## Assigned task
Return the stretch from the line with "Used 2021 Mercedes-Benz" through the line with "Buku The Black Swan" in the data below, character for character, skipping all pictures.

## Records shown
※
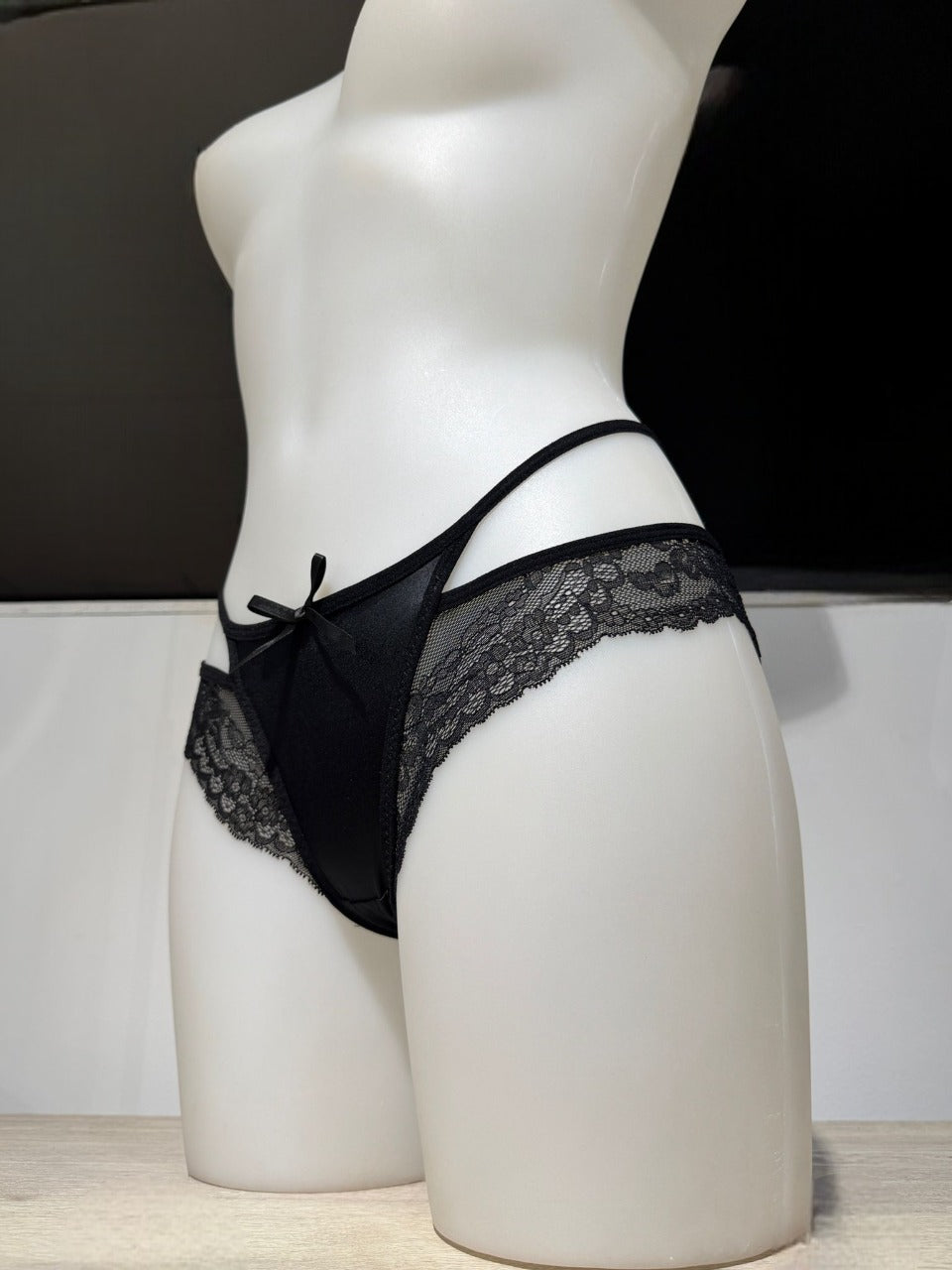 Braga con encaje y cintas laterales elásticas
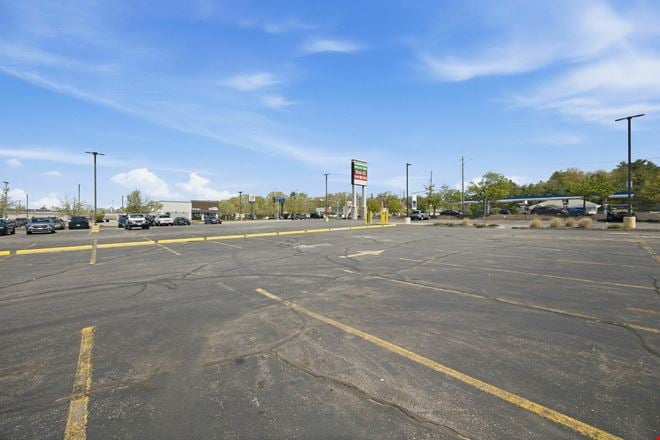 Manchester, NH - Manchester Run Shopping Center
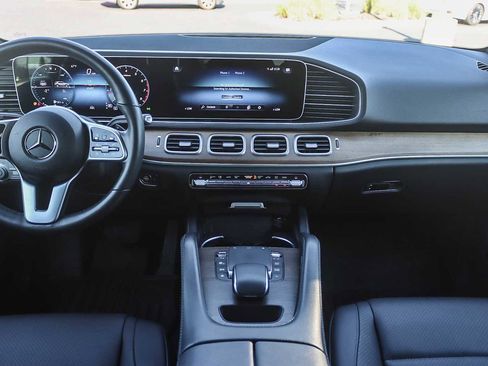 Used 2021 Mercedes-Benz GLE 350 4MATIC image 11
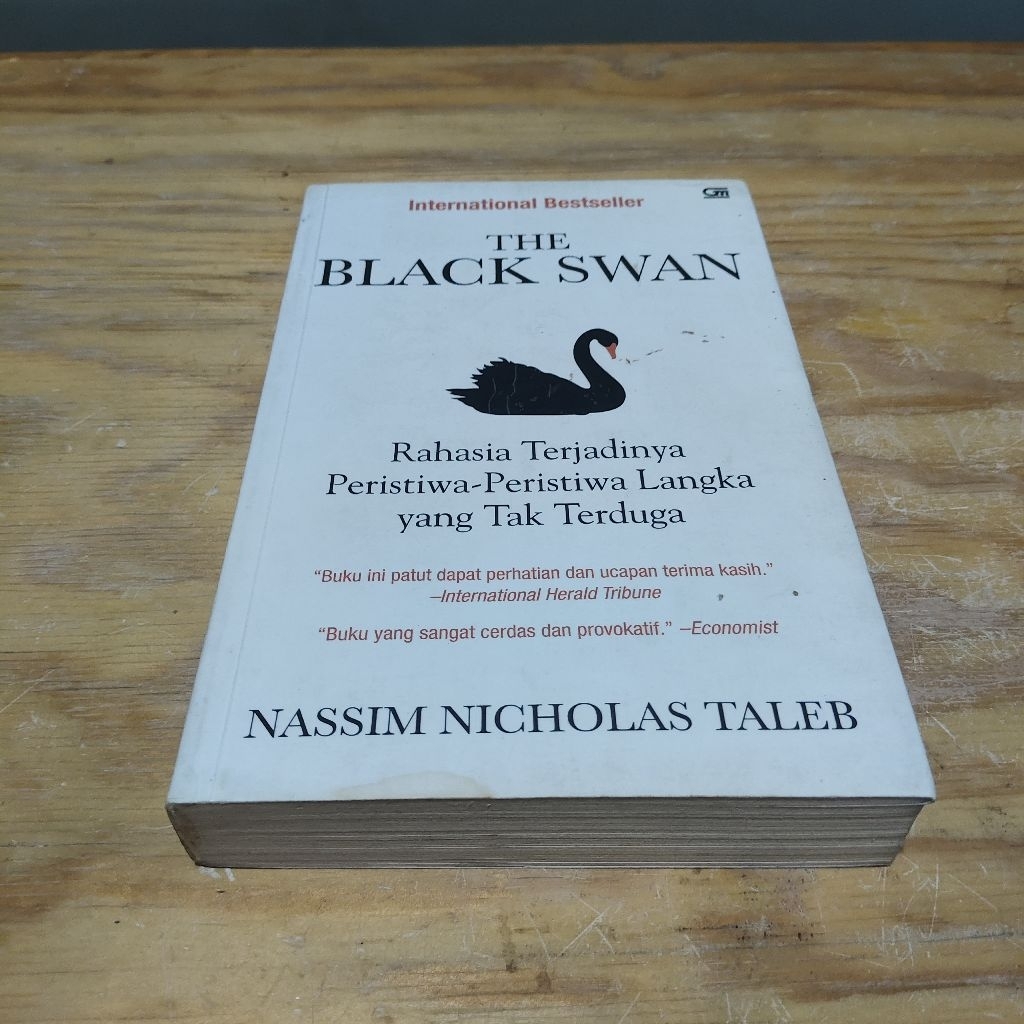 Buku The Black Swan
※
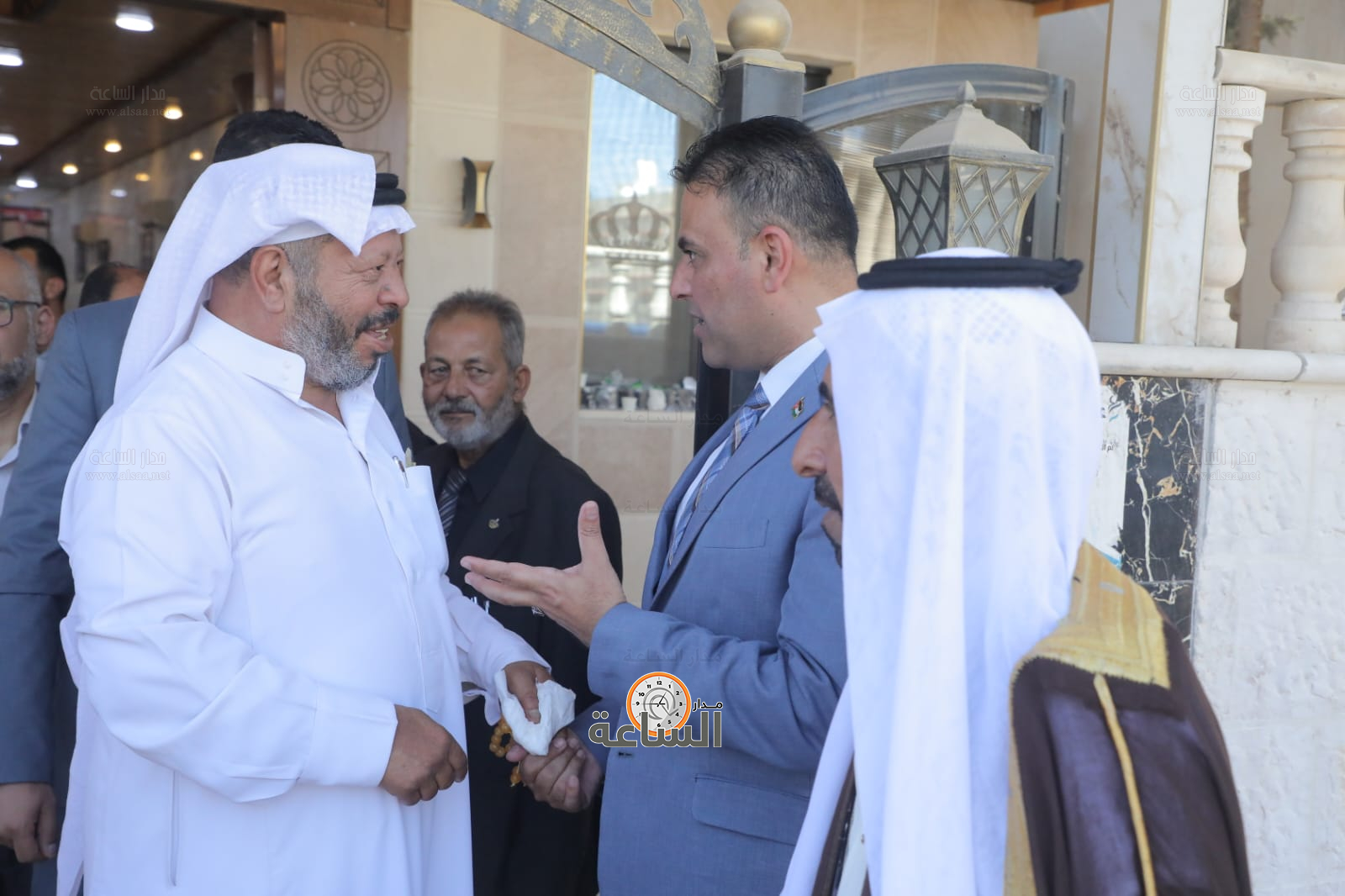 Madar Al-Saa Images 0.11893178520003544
※
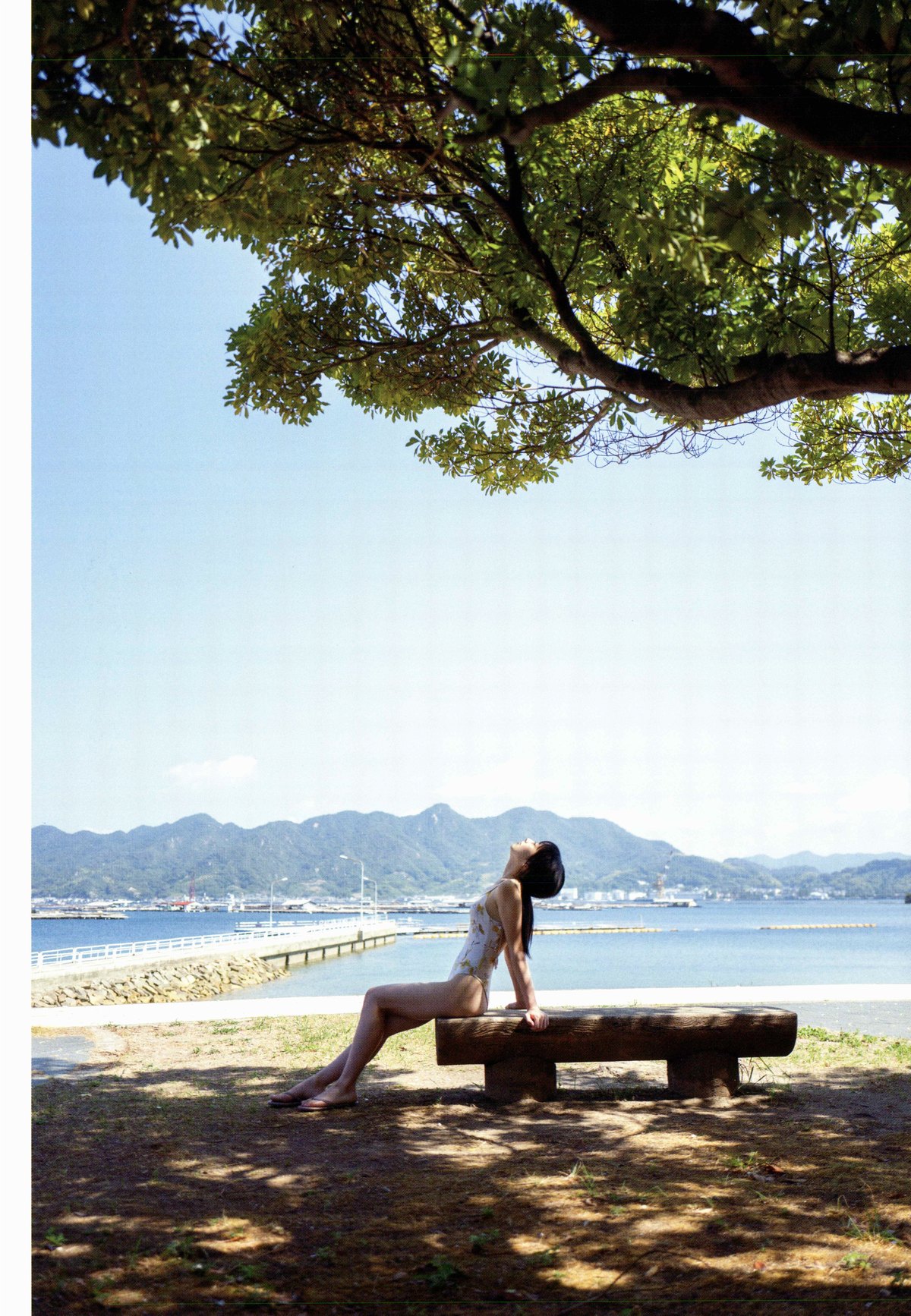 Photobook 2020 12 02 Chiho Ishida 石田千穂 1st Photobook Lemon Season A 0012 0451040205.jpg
※
## Completed task
 Used 2021 Mercedes-Benz GLE 350 4MATIC image 11
 Buku The Black Swan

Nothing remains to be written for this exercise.